Gittikleri yerde iyice kaybolmamak için yola çıkarken aldıkları önlemlerin hiçbiri yetmez hale gelir. Kendileri gibi olanların bulunduğu bir yere göçmek, birbirlerini uzaktaN tanıyan insanların arasında olmak da onları korumaz.
Aynı stranları (şarkıları) söyleyen evleri tanıdık bir bir… Mürekkep yalayanlar değil, beyinlerini mürekkeple dolduranlar, “Kendi denizimizi oluşturmalıyız, büyük balıklar küçük balıkları yutar, bu nedenle herkesin mürekkebi farklıdır, mürekkebini oluşturamayanları, köpekbalıklarına yem olur,” diyorlardı.
Kendi dillerini unutmak üzere iken, öğrendikleri dilin de ustası olmamak onları birbirlerinden iyice uzaklaştırır. İçinde eriyip gitmedikleri sürece dışlandıkları yer aslında bir “önceden gelenlerin kenti”dir. Daha sonra geldikleri bu yer onların önceden var olanlara yenildikleri yerdir. Birbirlerini iyi bilseler, çok yakından tanısalar da… bir kere her şeylerini kaybettikleri yerden gelenlerin onlardan önce kazanmasına izin verilmeyen yerdir orası. UzaktaN tanıdıklarıyla dolu, uzakta oldukları bir yer.
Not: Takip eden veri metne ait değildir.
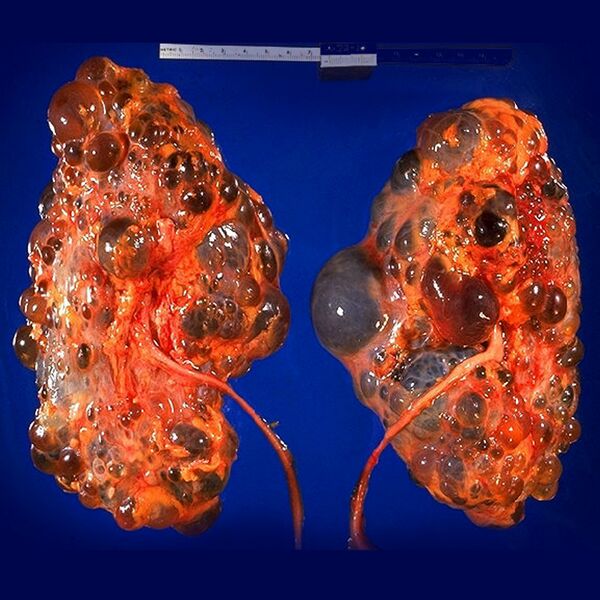 File:Autosomal dominant polycystic kidney disease (gross pathology) (Radiopaedia 9719).jpg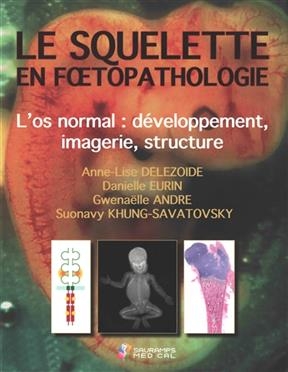 Le squelette en foetopathologie : l'os normal : d&eacute;veloppement, imagerie, structure -  DELEZOIDE/EURIN ETC.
Zengin çatılar kalın enseli kalantor adamlara, zayıf çatılar avurtları çökük cılız adamlara dönüşürdü.
Nereden geldiğini en çabuk unutanın kazandığı bir savaştır aslında kahramanımızın kendini kaybettiği bu savaş. Kovalananların iyi koşucu olması yetmez. Ceplerinde taş bırakan çocukların elbiseleri kadar çabuk eskir, yürekleri, benlikleri, ruhları.
Şiirin, şairin; kitabın kurtarmasını umduğu benliğini taşımak ağır geliyor kahramanımıza. Sevgilisinin varlığının sevmeyi ifade etmemesi, ailesinin ifade ettiklerinden beklediğini bulamaması, en çok annesini kaybetmesi bundan. Öyle kayboluyor ki, doğmaktan gelen en büyük beklentiyle, annesi gibi olmak bile ona yabancı geliyor. Saklandığı hiçbir kitapta olmamak, geldiği yerde yaşadığı korkulardan da büyük bir korkuyla sarıp acıtıyor tüm ruhunu. Nerede olduğunu bilmediği gibi, gidebileceği hiçbir yeri de bilmediğinden, bulamadığından, yalnızlıkla sarsılıyor.
İnsan kendi içinde bile kendini bulamazsa ne yapabilir ki?
Suzan Samancı’nın uzun yıllar şiir yazmasının da verdiği güçle yazdıkları, şiirden devşirilmiş gibi sıralanan cümleleri, nerede olursak olalım olmak istediğimiz yerin neresi olduğunu düşündürüyor. Belki de bir sayfa daha okuyunca yerini bulacağını ummaya devam ettiğimiz kahramanımız gibi, kayboluyoruz.
Aslında hepimiz, böyle kayıp nice kahramanıyla aslında kocaman bir “neresi burası” ülkesinde yaşamıyor muyuz?